10.          Having taken submissions I reserved my decision.



FINDINGS

11.          The Judge was concerned with applications for asylum brought by a father and son. It is clear from the Judge's decision that he was fully aware of how the claim was being presented. This is evidenced by his summary of the appellants' claims between paragraphs [8] and [22] of the decision.

12.          Mr Dixon raised five grounds of appeal before me. In giving permission to appeal Judge of the First-tier Tribunal Grant gave no reasons for finding there may be an error in law.

13.          The first ground centred around the Judge's approach to witness PS. Mr Dixon submitted that the Judge failed to have regard to the fact witness PS personally visited and when assessing this aspect of the appellant's appeal he applied the wrong burden of proof.

14.          The Judge clearly considered the significance of witness PS in his decision and in reviewing this ground of appeal I have reviewed paragraphs [18] and [19], [43], [48] and [63] of the Judge's decision. The arguments advanced both in writing and orally by Mr Dixon take issue with how the Judge assessed this witness. However, the Judge noted the appellant's claim and his response to questions put to him and at paragraph [63] made findings. It is those findings that Mr Dixon challenges because he submits more weight should have been attached to a personal visit by witness PS. The Judge found the issues raised to be speculative and not well-founded relying on the first-named appellant's own belief that it was possible witness PS might not have been involved in any of his subsequent problems. The Judge clearly did not accept what Mr Dixon advances and having given detailed reasons for his findings on this ground I find no merit to this aspect of his submissions.

15.          Mr Dixon submitted the Judge applied the wrong standard of proof in paragraph [63] when he wrote "In the light of A1's resignation from his work it is not implausible to think of a more innocent approach for any such visits." The standard of proof in asylum cases is the lower standard of proof namely " a reasonable degree of likelihood." At paragraph [52] of his decision the Judge set out the correct standard of proof and I am satisfied that in considering the issue relating to witness PS he would have in mind the correct standard of proof. The use of the word implausible implies "not likely" and whilst the Judge's wording may have been clumsy I am satisfied there was no error.

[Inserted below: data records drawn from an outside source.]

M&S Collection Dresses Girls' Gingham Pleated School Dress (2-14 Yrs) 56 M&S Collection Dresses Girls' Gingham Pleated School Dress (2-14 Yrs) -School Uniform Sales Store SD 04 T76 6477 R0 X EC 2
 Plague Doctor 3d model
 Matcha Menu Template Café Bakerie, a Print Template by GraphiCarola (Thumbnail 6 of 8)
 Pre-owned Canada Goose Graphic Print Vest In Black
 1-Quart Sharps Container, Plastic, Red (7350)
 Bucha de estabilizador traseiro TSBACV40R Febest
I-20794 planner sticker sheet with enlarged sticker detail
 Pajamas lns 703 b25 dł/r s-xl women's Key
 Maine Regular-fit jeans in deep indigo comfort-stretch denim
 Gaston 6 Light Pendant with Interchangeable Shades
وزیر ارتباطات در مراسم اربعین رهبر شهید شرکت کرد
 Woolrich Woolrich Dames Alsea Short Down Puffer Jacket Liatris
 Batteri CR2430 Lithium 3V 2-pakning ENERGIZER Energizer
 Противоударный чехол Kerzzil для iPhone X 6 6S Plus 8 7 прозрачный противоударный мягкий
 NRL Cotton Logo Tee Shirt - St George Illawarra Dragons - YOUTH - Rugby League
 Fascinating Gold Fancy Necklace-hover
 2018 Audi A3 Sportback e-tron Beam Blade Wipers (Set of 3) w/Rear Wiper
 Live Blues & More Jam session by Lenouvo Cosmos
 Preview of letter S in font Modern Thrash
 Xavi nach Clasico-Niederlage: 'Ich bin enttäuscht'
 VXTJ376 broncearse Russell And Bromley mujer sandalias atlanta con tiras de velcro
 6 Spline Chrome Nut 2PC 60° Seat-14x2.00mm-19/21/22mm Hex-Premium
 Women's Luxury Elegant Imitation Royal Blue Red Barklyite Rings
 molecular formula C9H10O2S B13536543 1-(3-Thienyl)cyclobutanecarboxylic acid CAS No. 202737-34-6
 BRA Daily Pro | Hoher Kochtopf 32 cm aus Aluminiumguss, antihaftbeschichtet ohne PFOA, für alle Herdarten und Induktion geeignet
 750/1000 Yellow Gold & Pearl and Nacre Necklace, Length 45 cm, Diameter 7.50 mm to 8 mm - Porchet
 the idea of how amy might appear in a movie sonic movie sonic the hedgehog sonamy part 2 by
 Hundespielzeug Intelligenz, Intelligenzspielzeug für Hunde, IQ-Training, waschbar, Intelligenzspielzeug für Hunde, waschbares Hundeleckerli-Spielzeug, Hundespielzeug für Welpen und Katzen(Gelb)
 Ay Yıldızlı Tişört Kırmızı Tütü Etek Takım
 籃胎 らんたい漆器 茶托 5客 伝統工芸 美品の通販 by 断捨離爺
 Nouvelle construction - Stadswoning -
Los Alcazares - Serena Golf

16.          Mr Dixon's second ground of appeal centred on the Judge's finding that the appellant could have produced text messages to support his claim. In ST (Corroboration - Kasolo) Ethiopia [2004] UKIAT 00119 the Tribunal said that i t was a misdirection to imply that corroboration was necessary for a positive credibility finding. However, the fact that corroboration was not required did not mean that an Adjudicator was required to leave out of account the absence of documentary evidence, which could reasonably be expected: the Adjudicator was entitled to comment that it would not have been difficult to provide the relevant documents in this case. In Gedow, Abdulkadir and Mohammed v SSHD 2006 EWCA 1342 the Immigration Judge noted that the Somali appellant claimed that an uncle had funded his journey and the Immigration Judge referred to "the absence of any corroborative evidence by letter or any other means from his paternal uncle". The Immigration Judge was attacked on appeal for erroneously requiring corroboration, but the Court of Appeal said that he was not; he was merely drawing a conclusion from the absence of corroboration; and he was entitled to do so, so long as he bore in mind the difficulties faced by asylum seekers in producing corroborative evidence. In TK (Burundi) v SSHD (2009) EWCA Civ 40 the Court of Appeal said that where there were circumstances in which evidence corroborating the appellant's evidence was easily obtainable, the lack of such evidence must affect the assessment of the appellant's credibility. It followed that where a judge in assessing credibility relied on the fact that there was no independent supporting evidence where there should be and there was no credible account for its absence, he committed no error of law when he relied on that fact for rejecting the account of the appellant. In this case the evidence concerned a partner in the UK. In MST and others (Disclosure - restrictions - implied undertaking) Eritrea [2016] UKUT 337 (IAC) it was held that w here uncorroborated and/or anonymous evidence is received, the Tribunal's task is to scrutinise it with caution and to attribute such weight as is considered appropriate.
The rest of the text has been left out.